Stephen Harper has changed the landscape of Canadian politics, but ultimately he has not succeeded according to his own standards. In 2006 he famously said "You won’t recognize Canada when I get through with it."
The landscape of parts of Alberta are certainly unrecognizable. He has damaged the economy and the country's international reputation. He has run up record deficits, severely damaged the social safety net, made the country less democratic, made government less transparent and less accessible to ordinary Canadians. He has led one of the most corrupt, unethical and unaccountable governments in Canadian history.
All of those things however, with the exception of the tar pits, are superficial. They can be fixed and cleaned up by future governments. Beneath the surface Canada is still Canada.
In 2004 the CBC asked Canadians to decide who the "Greatest Canadian" was, or is. Canadians chose Tommy Douglass. More specifically the top 10 were:
- Tommy Douglas
- Terry Fox
- Pierre Trudeau
- Sir Frederick Banting
- David Suzuki
- Lester B. Pearson
- Don Cherry
- Sir John A. McDonald
- Alexander Graham Bell
- Wayne Gretzky
So, all men, all but 1 white men but no conservatives with the exception of Don Cherry - who was celebrated for his hockey career much more than his political leanings.
It is now 10 years later. For most of that time Harper has had his way and a party willing to march in lock step behind him, without complaint.
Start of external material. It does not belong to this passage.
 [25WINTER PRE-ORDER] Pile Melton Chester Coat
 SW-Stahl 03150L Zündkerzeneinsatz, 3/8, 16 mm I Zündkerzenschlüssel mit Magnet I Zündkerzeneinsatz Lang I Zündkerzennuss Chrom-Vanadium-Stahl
Recently the Harper Government, in preparation for Canada's 150th birthday in 2017 consulted Canadians again about which Canadians inspired them the most.
According to the CBC nearly 12,000 Canadians completed the online questionnaire. The top 10 this time around were:
- Pierre Trudeau (again)
- Terry Fox (again)
- Tommy Douglas (again)
- Lester B. Pearson (again)
- Chris Hadfield
- David Suzuki (again)
- Jack Layton
- Sir John A. Macdonald
- Wayne Gretzky (again)
- Romeo Dallaire
So, a late NDP leader, a world renowned astronaut and a military hero (and Liberal Senator) have been added to the list and Don Cherry is gone, along with Alexander Graham Bell and Frederick Banting. However, the list is very much like the CBC's list from 10 years ago - there are still no conservatives.
It is a bit troubling that there are no women on the list and that David Suzuki is the only non-white member of the list. Still, I think this is a more representative snapshot of what Canada looks like than the devastated Alberta landscape or any of the superficial and fixable legal and fiscal changes.
It would also appear that Stephen Harper's time is nearly up. Nationally, Harper's popularity numbers are in decline (and were only ever barely high enough to keep him in power), he is facing the stirrings of revolt within his formerly fanatically loyal party and Liberals are consistently polling better than the ruling Conservatives.
Looking at Harper's track record it seems unlikely that he ever believed in anything except for more money and power for Stephen Harper and his friends. However, despite his efforts, Canada is still Canada and appears to be poised for a comeback.